Your task is to restate word for word the lines in the material below, from the one with "Apartments LIMA Lazaneo in Jelsa" up to and including the one with "查爾斯三世（左）頒發伊莉莎白女王工程獎給黃仁勳（右）。（翻攝The Royal Family臉書）". Do not carry over the pictures.

Segment Start: Listed records

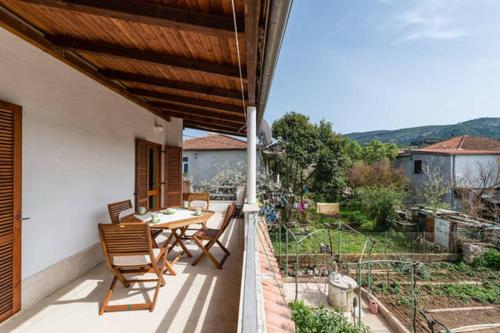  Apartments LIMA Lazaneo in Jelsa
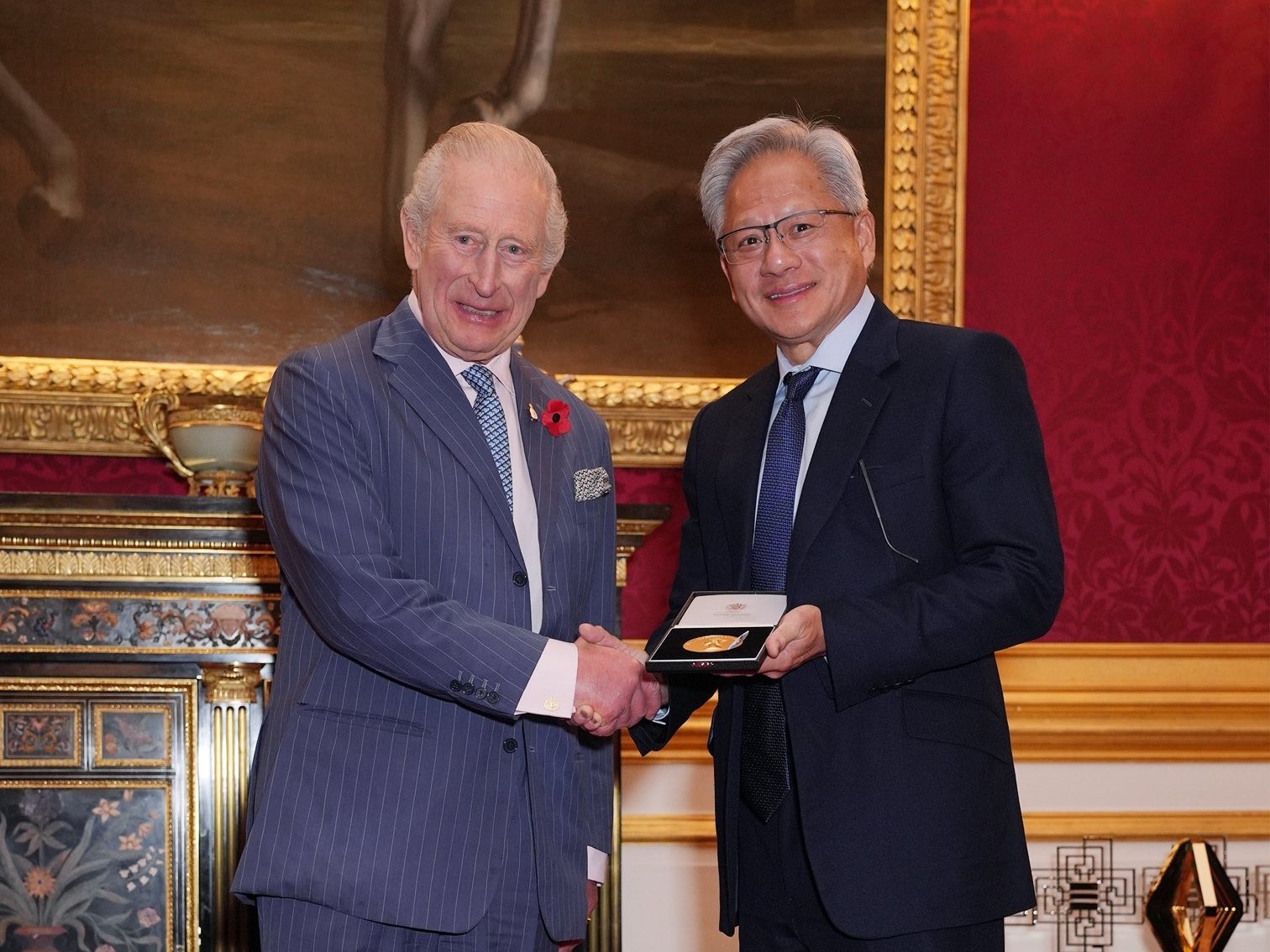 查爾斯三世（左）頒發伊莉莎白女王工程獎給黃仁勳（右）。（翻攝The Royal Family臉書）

Segment End: Listed records
Segment Start: Listed records

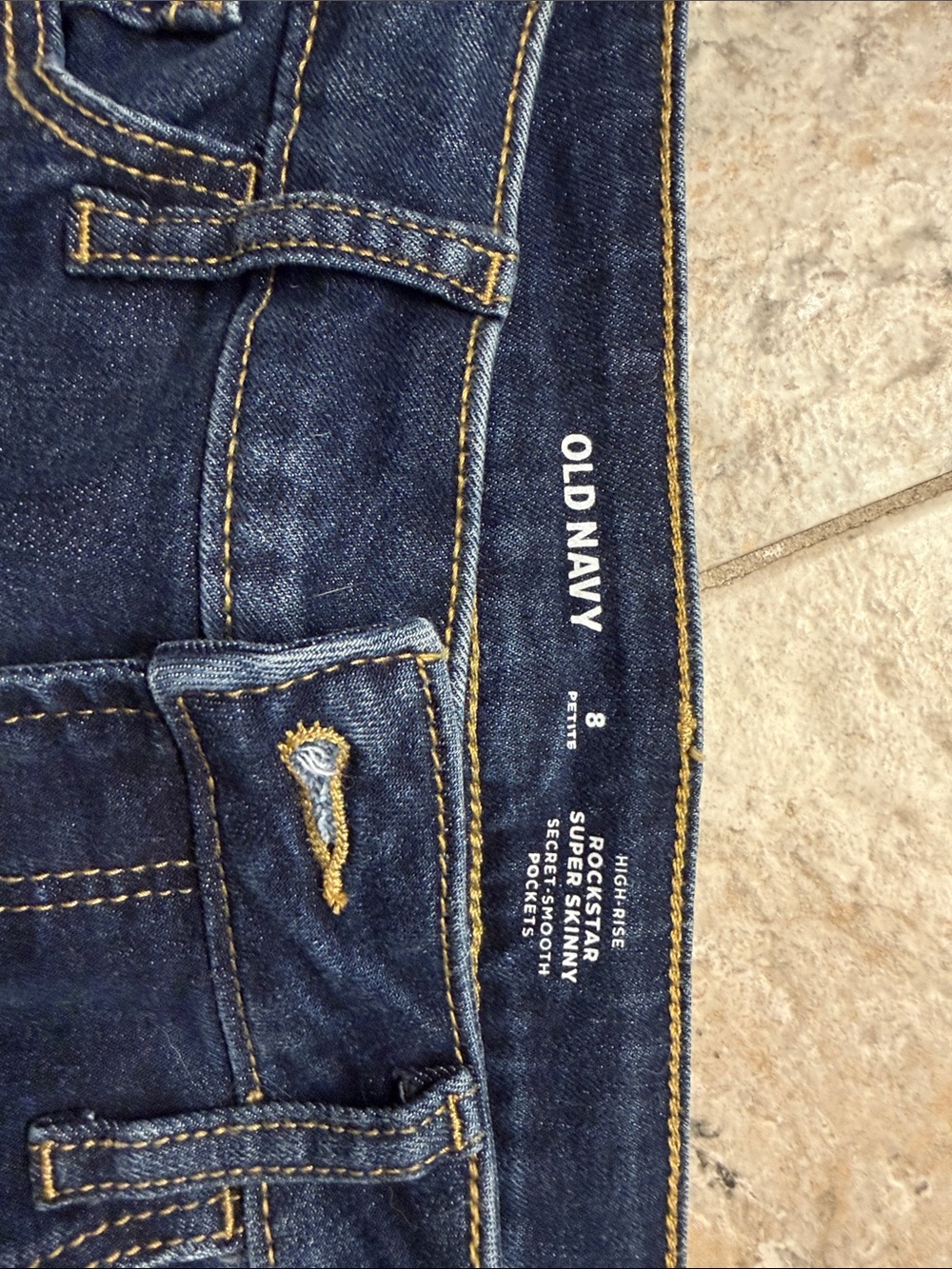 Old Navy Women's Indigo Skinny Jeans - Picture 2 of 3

Segment End: Listed records

== Solution below ==
  Apartments LIMA Lazaneo in Jelsa
 查爾斯三世（左）頒發伊莉莎白女王工程獎給黃仁勳（右）。（翻攝The Royal Family臉書）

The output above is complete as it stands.